Publication | Open Access

The collective-risk social dilemma and the prevention of simulated dangerous climate change

600

Citations

28

References

2008

Year

TLDR

The collective‑risk social dilemma occurs when individuals must sacrifice to reach a shared target, yet each faces personal loss if the target is missed, a situation that mirrors the global challenge of preventing dangerous climate change. The study introduces and simulates this dilemma by asking groups to achieve a fixed monetary target through successive contributions while knowing that failure would trigger a loss of all remaining funds with a certain probability. The authors carried out a controlled experiment in which groups made successive monetary contributions toward a fixed target, with the knowledge that missing the target would result in losing all remaining money according to a specified risk probability. The findings indicate that at high risk, roughly half of the groups succeed while the rest only marginally fail, whereas at lower risk groups generally fail, suggesting that highlighting the high likelihood of severe individual loss can help alleviate the dilemma.

Abstract

Will a group of people reach a collective target through individual contributions when everyone suffers individually if the target is missed? This “collective-risk social dilemma” exists in various social scenarios, the globally most challenging one being the prevention of dangerous climate change.

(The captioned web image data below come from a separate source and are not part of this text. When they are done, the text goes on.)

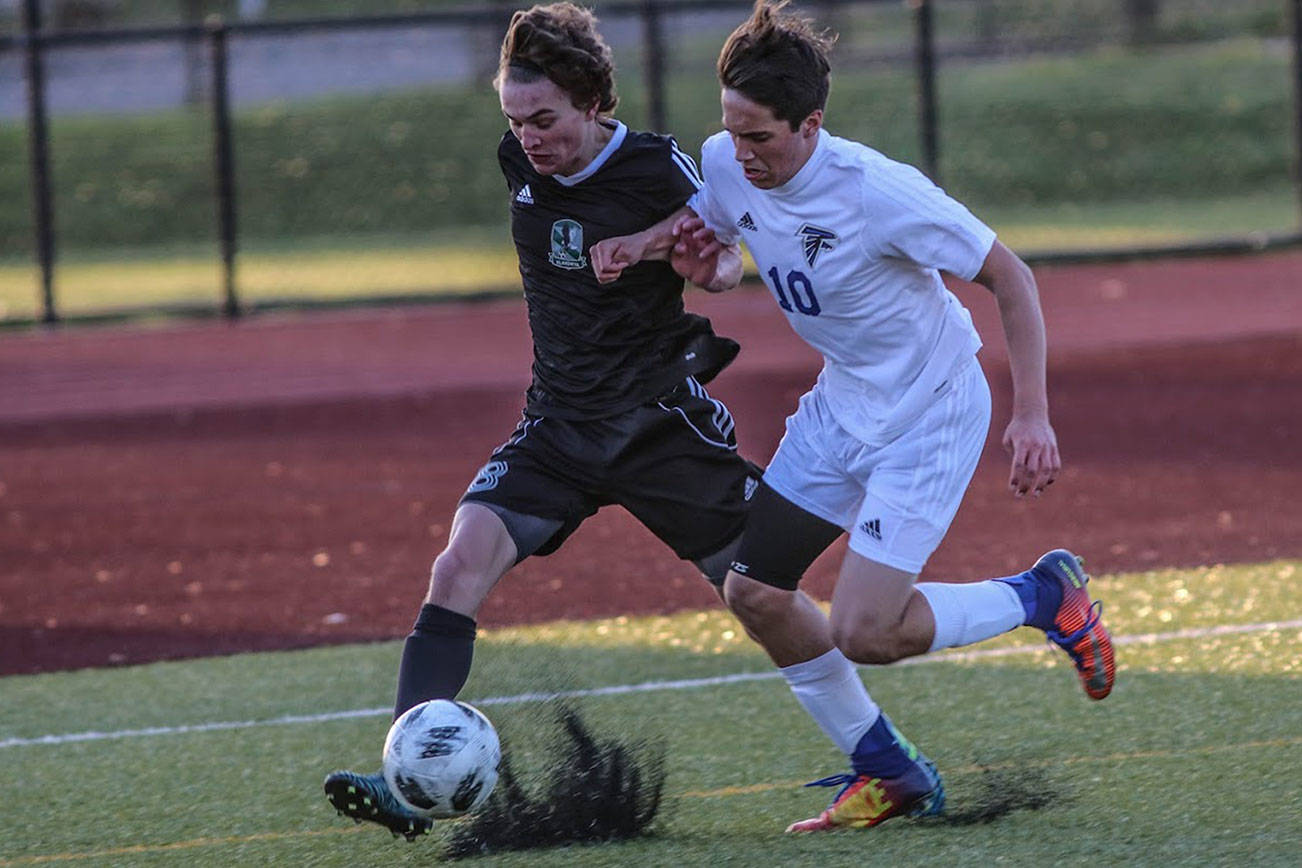 South Whidbey stops Klahowya in shootout / Soccer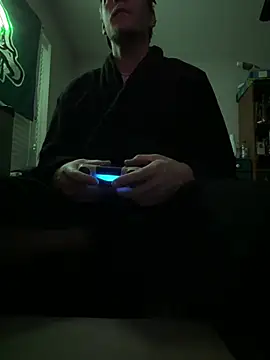 Snapshot of theycallmes3x chatting on 03/04/26, 05:24 theycallmes3x online show from 03/04/26, 05:24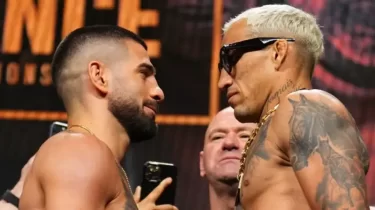 Топурия нокаутировал Оливейру и стал чемпионом UFC в лёгком весе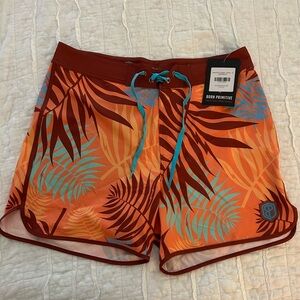 Born Primitive Island Short Size 32. NWT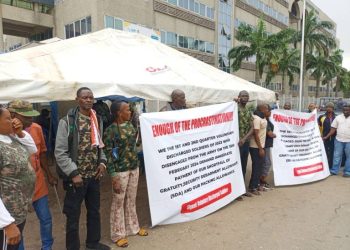 DHQ orders protesting ex-soldiers to vacate Finance ministry’s headquarters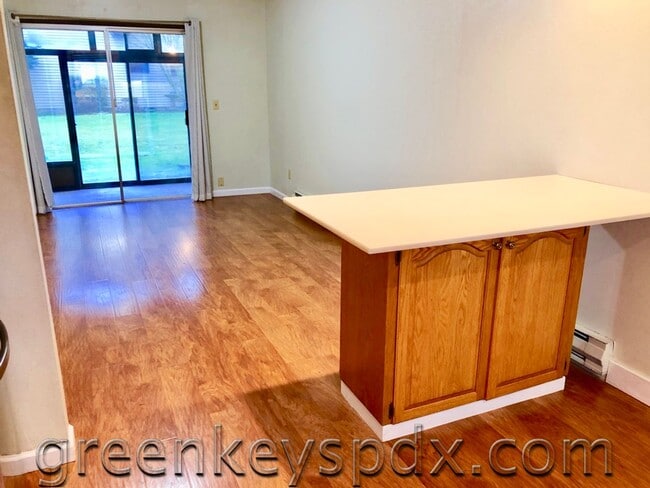 Building Photo - 3-Bedroom Unit on one level with a 1-car garage! Rent includes water-sewer and garbage!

Reaching the collective target requires individual sacrifice, with benefits to all but no guarantee that others will also contribute. It even seems tempting to contribute less and save money to induce others to contribute more, hence the dilemma and the risk of failure. Here, we introduce the collective-risk social dilemma and simulate it in a controlled experiment: Will a group of people reach a fixed target sum through successive monetary contributions, when they know they will lose all their remaining money with a certain probability if they fail to reach the target sum? We find that, under high risk of simulated dangerous climate change, half of the groups succeed in reaching the target sum, whereas the others only marginally fail. When the risk of loss is only as high as the necessary average investment or even lower, the groups generally fail to reach the target sum. We conclude that one possible strategy to relieve the collective-risk dilemma in high-risk situations is to convince people that failure to invest enough is very likely to cause grave financial loss to the individual. Our analysis describes the social window humankind has to prevent dangerous climate change.